The Lightweight Directory Access Protocol (LDAP) is a protocol for accessing online directory services. It runs directly over TCP and can be used to access a standalone LDAP directory service or a directory service maintained by X.500. A directory is type of database that stores information that is read more often that written to and so services are typically geared for high volume read access and offer simpler transaction support than general purpose databases. The LDAP directory service model is based on entries. An entry is a collection of attributes that has a "distinguished name" (DN). The DN is used to refer to the entry unambiguously. Each of the entry's attributes has a type and one or more values. The types are typically mnemonic strings, like "cn" for common name, or "mail" for email address. The values depend on what type of attribute it is: an email attribute might contain the string value "foo@bar.org". A jpegPhoto attribute would contain a photograph in binary JPEG format.

LDAP directory entries are arranged in a hierarchical tree-like structure that may reflect political, geographic and/or organizational boundaries. Hence, entries representing countries appear at the top of the tree, below them are entries representing states or national organizations, then, entries representing people, printers, documents, anything else...

LDAP provides methods for authentication. Directories can be made accessible to the general public or protected however the case may be.

LDAP is made for finding people and resources on a network. It provides a completely different functionality from web searches such as yahoo or webcrawler, which work simply by text matching and often return many thousand's of entries. Using an LDAP directory to locate something however, if you know the approximate location of where it is, such as what organization and country it is in, then you can do a search and return much fewer entries. LDAP is a vendor independent open protocol. The fact that organizations can alter it to their own needs is key. Also, large companies can use it as the basis for their own more complex directory servers.

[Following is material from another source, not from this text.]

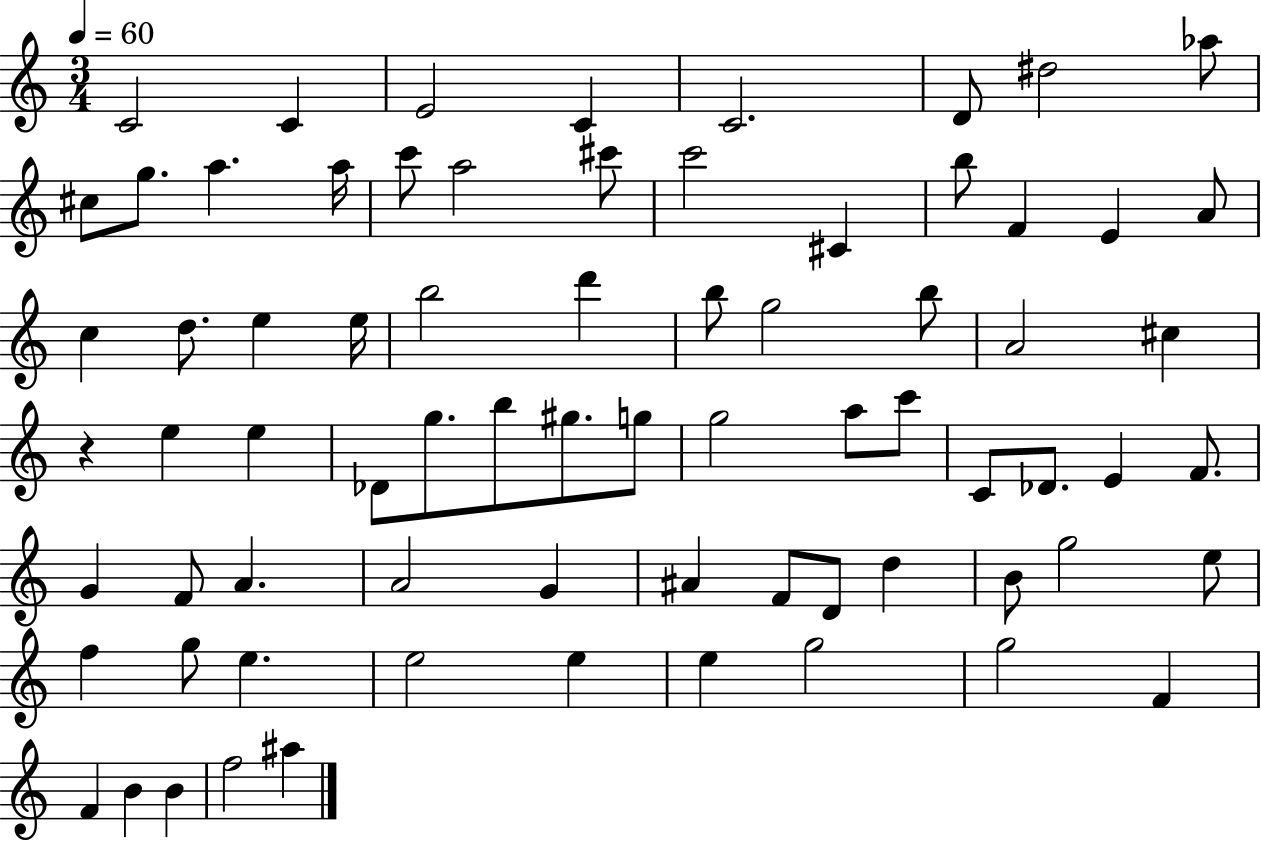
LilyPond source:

There are common misconceptions about the role of LDAP. LDAP is not intended as a replacement for local databases. They are not built to be added and modified too easily and thus would not work in a situation such as an airline reservation system. Also, LDAP is not meant to be a replacement for DNS. DNS is a specialized well used service on the Internet for matching IP addresses to real names. However databases and DNS and LDAP like most Internet services work very well in collaboration.

Virtuoso has the ability to act as an LDAP client, using built-in functions, and has been tested as a back end for the OpenLDAP server.